26Linked with this, we find as fact that the arrangements were not an “off the shelf” scheme. While the underlying idea was suggested to PA by Bill Field and others, PA chose its own advisers and partners for the arrangements. In so finding, we put weight on the fact that PA chose its own trustee, and in addition was required by that trustee, Mourant, to satisfy it about a number of matters before Mourant consented to be involved in any way with the arrangements. PA reached decisions itself about how the scheme was to be run. So did Mourant as the trustee of the 1999 ET with regard to its involvement in the arrangements. In so doing, they took and accepted advice and noted possible precedents, but they did not follow them without at each stage considering whether and how they should do so.

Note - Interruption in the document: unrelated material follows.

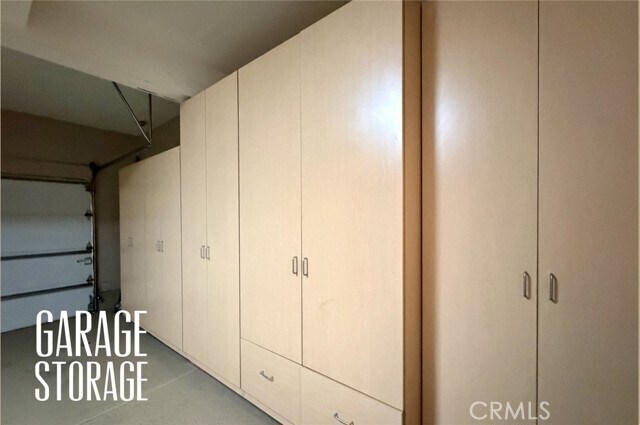 Building Photo - 2566 Pearblossom St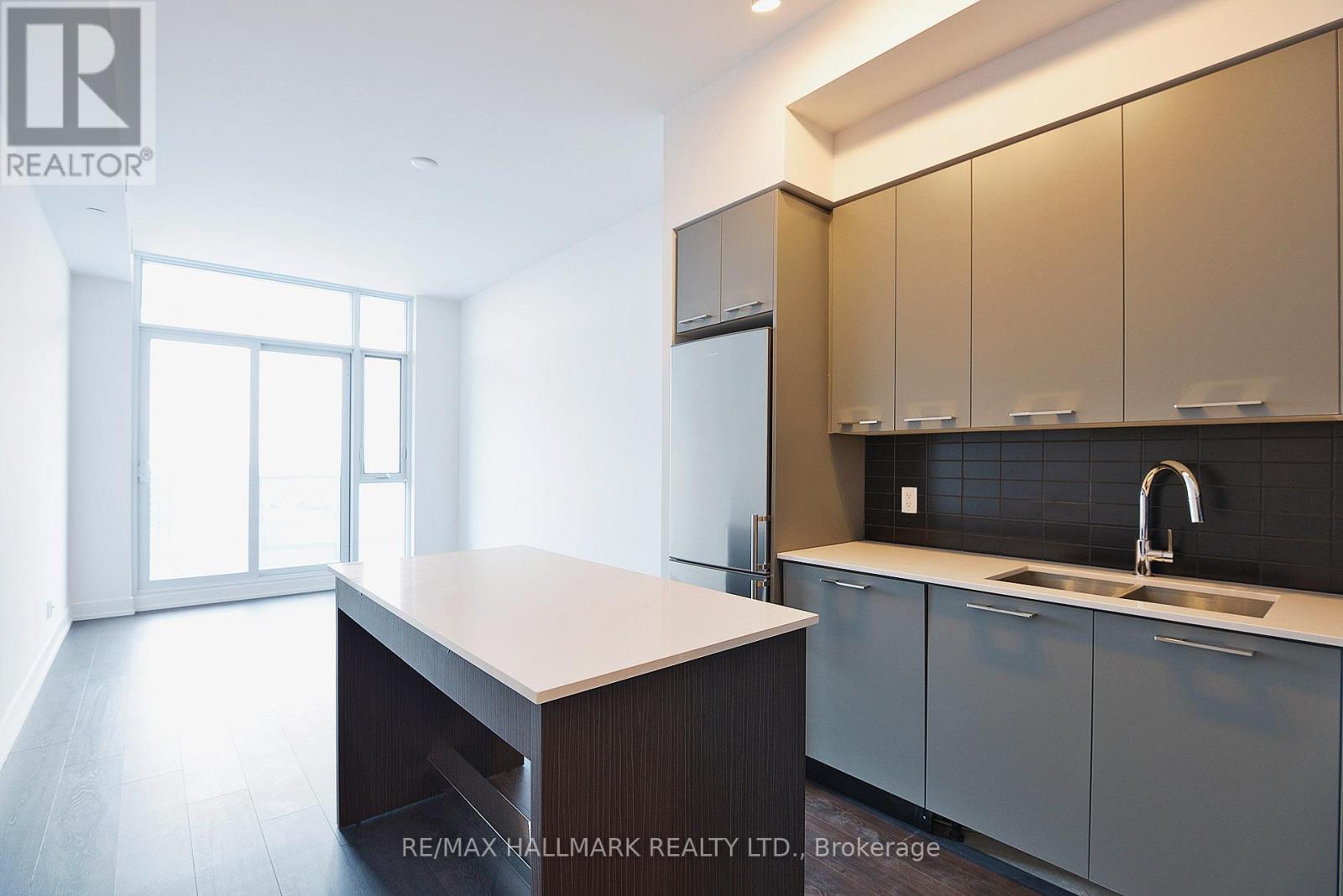 Ph01 - 9471 Yonge Street, Richmond Hill (Observatory), Ontario  L4C 0Z5 - Photo 11 - N13049630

27We specifically find that the exercise of the discretion by Mourant and its employees to award advantages to named individual employees (including Mr Janjuah) was a genuine exercise of discretion by the trustee company in each of the three years in which the exercise was performed. In so finding, we accept the evidence from employees of both PA and Mourant at the time about the detailed and careful way in which Mourant considered the suggestions given to it by PA about the exercise by it of its power to award advantages under the 1999 ET. Mr Gammie QC, having heard the evidence, did not seek to contend otherwise at the close of the appeal. That being so, we do not need to detail the extended evidence from Heidi Wilson, Emma Boustouler and others about how Mourant and its directors and employees handled the awards of advantages. It is recorded fully in the transcripts. We accept it.